Being-H0.5: Scaling Human-Centric Robot Learning for Cross-Embodiment Generalization
- •BeingBeyond introduces Being-H0.5, a Vision-Language-Action foundation model for diverse robotic platforms.
- •UniHand-2.0 dataset provides 35,000+ hours of multimodal data across 30 distinct robotic embodiments.
- •Model achieves state-of-the-art performance on LIBERO (98.9%) and RoboCasa (53.9%) benchmarks.
The field of robotics has long struggled with the "embodiment gap"—the difficulty of transferring skills learned by one robot to another with a different shape or control system. BeingBeyond researchers have tackled this head-on with Being-H0.5, a Vision-Language-Action (VLA) model that treats human interaction as a universal "mother tongue." By viewing human movements as the baseline for physical interaction, the model can effectively bridge the gap between human demonstrations and various robotic hardware, from multi-fingered hands to industrial arms.
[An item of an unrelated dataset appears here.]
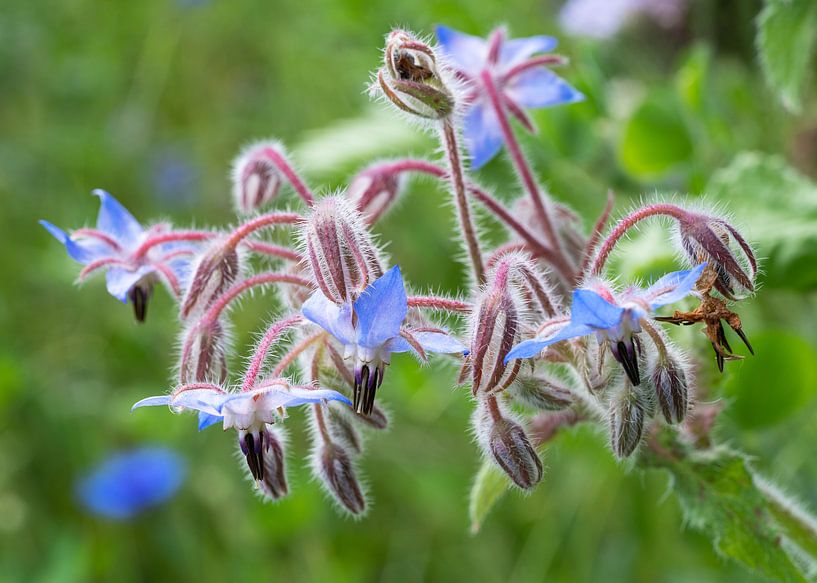 Borage (Borago officinalis) van Alexander Ludwig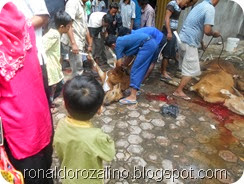 Suasana Pemotongan Hewan Kurban di Masjid Raya Kota Teluk Kuantan (10)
At the heart of this system is the UniHand-2.0 dataset, an unprecedented collection of over 35,000 hours of multimodal data covering 30 different robotic embodiments. This massive scale allows the model to learn Generalization, or the ability to apply knowledge to new, unseen scenarios. To handle this diversity, the team implemented a Mixture-of-Transformers architecture. This design uses a Mixture-of-Flow (MoF) framework to separate shared motor skills from specialized modules tailored to specific robot bodies. The results are impressive, with Being-H0.5 setting new records on the LIBERO (98.9%) and RoboCasa (53.9%) benchmarks. Beyond scores, the model introduces a Unified Action Space, which maps different robot controls into semantically aligned slots. This enables "low-resource" robots—those with very little training data—to "bootstrap" or quickly learn complex skills by borrowing intelligence from more data-rich platforms. It represents a significant step toward a single Foundation Model capable of perceiving and acting across any physical form.